# Blade Steak? SV Style



## CTXSmokeLover (Aug 11, 2022)

I was browsing the store this week and saw some crazy marbled American wagyu blade steaks. I honestly had never/seen or heard of them but they looked great and the price seemed right so I figured I'd give them a try. 











Zero clue how to cook these things, so I figured I'd throw them in the SV and sear them at the end like a steak. I seasoned/vac sealed them and threw them in the bath at 131 for 8 hours.
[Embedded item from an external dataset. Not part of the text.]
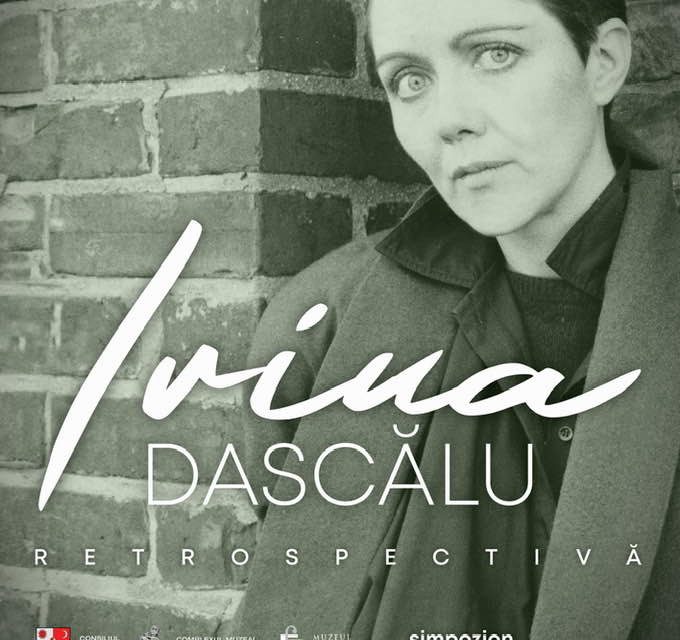 Retrospectivă Irina Dascălu @ Complexul Muzeal “Iulian Antonescu” Bacău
Then gave them a quick sear on the Weber:






Dumped the leftover juices on top and time to slice.










Supper Time:











I was really happy with how these turned out. Like an extremely tender steak, but cheaper. It was a hit as you can see and there was nothing left. Highly recommend if you ever come across at your local meat market. Let me know if anyone else has ever tried these or has a different method of cooking them.

Thanks for looking.


----------



## Nefarious (Aug 11, 2022)

Looks totally awesome.  I just did my first American wagyu this week and it was really good.  Will have to try your SV on some.  Thanks for sharing.


----------



## JLeonard (Aug 11, 2022)

Holy cow that looks great! Thinking I'd be licking the cutting board clean. LOL.  I am so loving my SV right now. 
JIm


----------



## gmc2003 (Aug 11, 2022)

Man do those look good perfectly done. With our small population I don't think any type of wagyu has made it into our state. 

Point for sure
Chris


----------



## tbern (Aug 11, 2022)

that really looks amazing!! thanks for sharing


----------



## normanaj (Aug 11, 2022)

Great job for sure.


----------



## tx smoker (Aug 11, 2022)

Wow...those looks fantastic!! Perfect cook, that's fir sure. You can bring some of those to wherever we decide to hook up in the near future. I wouldn't mind a bit   Beautiful cook!!

Robert


----------



## smokerjim (Aug 11, 2022)

Looks like a great meal ya had


----------



## CTXSmokeLover (Aug 11, 2022)

Nefarious said:


> Looks totally awesome.  I just did my first American wagyu this week and it was really good.  Will have to try your SV on some.  Thanks for sharing.


Thank you! 


JLeonard said:


> Holy cow that looks great! Thinking I'd be licking the cutting board clean. LOL.  I am so loving my SV right now.
> JIm


Thanks Jim! I'm having fun experimenting with the SV as well. Definitely a fun toy


gmc2003 said:


> Man do those look good perfectly done. With our small population I don't think any type of wagyu has made it into our state.
> 
> Point for sure
> Chris


I appreciate that Chris! My local store (HEB) always has a good selection of American Wagyu cuts at decent prices so I'm a little spoiled. I had never seen this one before so thought it was worth a shot. I've also had their wagyu chuck roasts. I'd say it's a little more succulent than Prime. Really good stuff for the price.


tbern said:


> that really looks amazing!! thanks for sharing


Thanks tbern!


normanaj said:


> Great job for sure.


Thank you!


tx smoker said:


> Wow...those looks fantastic!! Perfect cook, that's fir sure. You can bring some of those to wherever we decide to hook up in the near future. I wouldn't mind a bit   Beautiful cook!!
> 
> Robert


Thanks Robert!  It's only a matter of time but we will make it happen..


----------